Blackwood sensed an opening, although he didn’t understand where it might lead him. He said, “You mustn’t forget the war, Mrs. Nay.”

“Of course, Mr. Blackwood. I don’t want you to think I’m not doing my part. We save our cooking fat in a tin can like everyone else, and the cook and I have learned more cottage-cheese recipes than I ever thought possible. I’m not complaining. Surely the war will end one day, but I have a strong feeling Pasadena will never be the same.”

“Nothing will be the same, Mrs. Nay.”

“That’s true, Mr. Blackwood.” And then, “And that’s just the way it is.” She paused before saying, “But that’s not why we’re here. There’s plenty more to see, Mr. Blackwood! Note the Diana statue. That comes with the house as well.”

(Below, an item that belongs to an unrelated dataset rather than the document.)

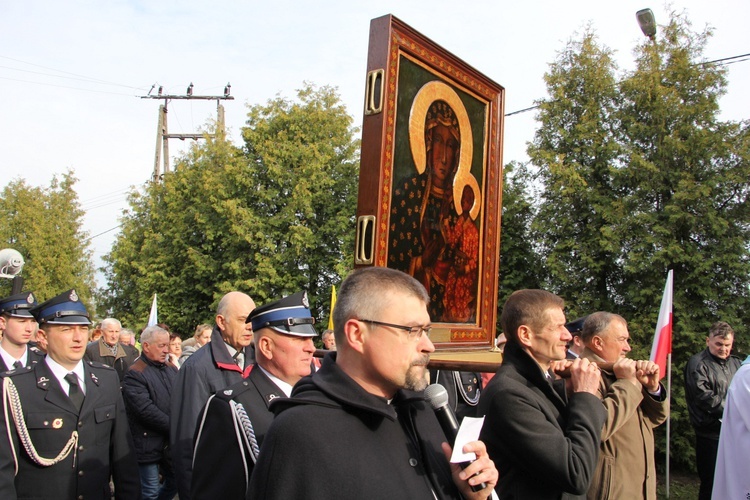 Powitanie ikony MB Częstochowskiej w Kutnie-Woźniakowie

She was having a hard time piecing Blackwood together; he was both rough and sophisticated, confident and self-conscious, adolescent and middle-aged. She knew he wasn’t from Pasadena, and she knew that his application for membership at the Valley Hunt Club had been rejected. The same was true for the Athenaeum over at Cal Tech, even his friend Stinky Sweeney hadn’t come out full-hearted on Blackwood’s behalf; and the Playhouse had voted not to elect him to its board. But Cherry’s sympathy for outsiders far surpassed her husband’s and that of most of the people she knew, and she wanted to take Blackwood’s hand and advise him to stop trying: some people will pass through the gates, and some never will.